Albert Zink, da qualche anno anche il suo istituto si sta occupando intensamente di un tema medico rilevante: il microbioma umano.

Zink: La ricerca sul microbioma è davvero di grande attualità, perché sta diventando sempre più chiaro quanto sia importante per la nostra salute la comunità di batteri e altri microrganismi che vivono dentro e con noi. Molte malattie e allergie sembrano essere direttamente correlate alla diminuzione della diversità del microbioma umano, soprattutto nelle società industrializzate. Abbiamo analizzato più da vicino questo aspetto utilizzando il materiale dello stomaco di Ötzi, e già i primi risultati mostrano che la sua comunità batterica era ancora molto più diversificata di quella attuale. Eseguiamo analisi di questo tipo anche su altre mummie. Confrontiamo poi i nostri risultati, per esempio, con indagini condotte su popolazioni indigene attuali. Ci chiediamo cosa possiamo imparare che sia utile per noi, oggi. Per esempio, dobbiamo tornare a un’alimentazione più naturale? Attualmente stiamo studiando resti di feci umane conservate nella miniera di sale preistorica di Hallstatt.
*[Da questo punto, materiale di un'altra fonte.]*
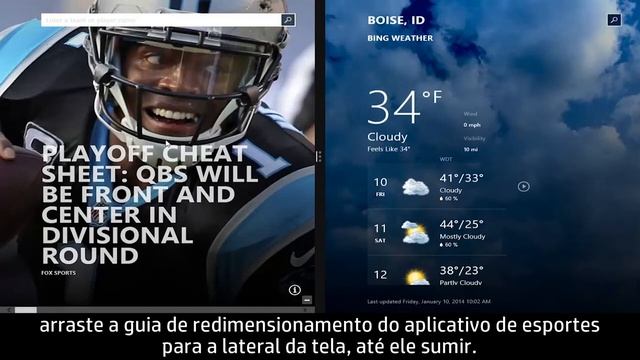 Usar aplicativos no Windows 8.1 para computadores da HP смотреть онлайн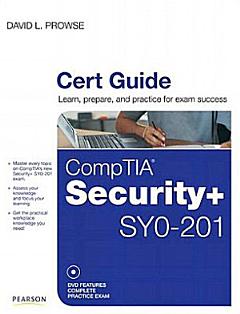 CompTIA Security+ SY0-201 Cert Guide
Questi coproliti sono ben conservati, quindi abbiamo molto materiale di ricerca: se dovessimo limitarci alle mummie, avremmo pochi campioni, perché in molte non si trovano più né intestino né stomaco. Ötzi è stato un colpo di fortuna.

Lei ha lavorato a lungo e intensamente con Ötzi: se potesse parlagli, cosa gli chiederebbe?

Zink: Prima di tutto, vorrei sapere il suo nome. E poi, naturalmente, mi interesserebbe sapere che posizione occupava nella società e che tipo di persona era. Si tende a vedere le mummie sotto una luce positiva. Ötzi doveva essere un brav’uomo, pensiamo: e ora giace qui, povero ragazzo. Ma forse era un tipo cattivo e la freccia non lo ha colpito immeritatamente? (ride)

Christian Steurer

Christian Steurer è a capo del terraXcube, centro per la simulazione di ambienti estremi di Eurac Research. Ingegnere delle telecomunicazioni, aveva già co-fondato e diretto l’Istituto per il telerilevamento applicato di Eurac Research ed è stato per diversi anni direttore del dipartimento informatico dell’Azienda sanitaria dell’Alto Adige. Questo lavoro e la attuale stretta collaborazione con il team di ricerca dell’Istituto per la medicina d’emergenza in montagna lo hanno convinto, nel 2020, a diventare un entusiasta volontario della Croce Bianca.

Albert Zink

Albert Zink è antropologo e professore associato della Ludwig Maximilians Universität di Monaco di Baviera. Dal 2007 dirige l’Istituto per la ricerca sulle mummie di Eurac Research. Le mummie lo appassionano da quando se ne è occupato per la prima volta durante gli studi di biologia a Monaco. E non solo Ötzi, ma le mummie di tutto il mondo, compresi i famosi re egizi Tutankhamon e Ramses III. Quando lascia in pace le mummie, prende la chitarra e suona jazz o le canzoni che compone.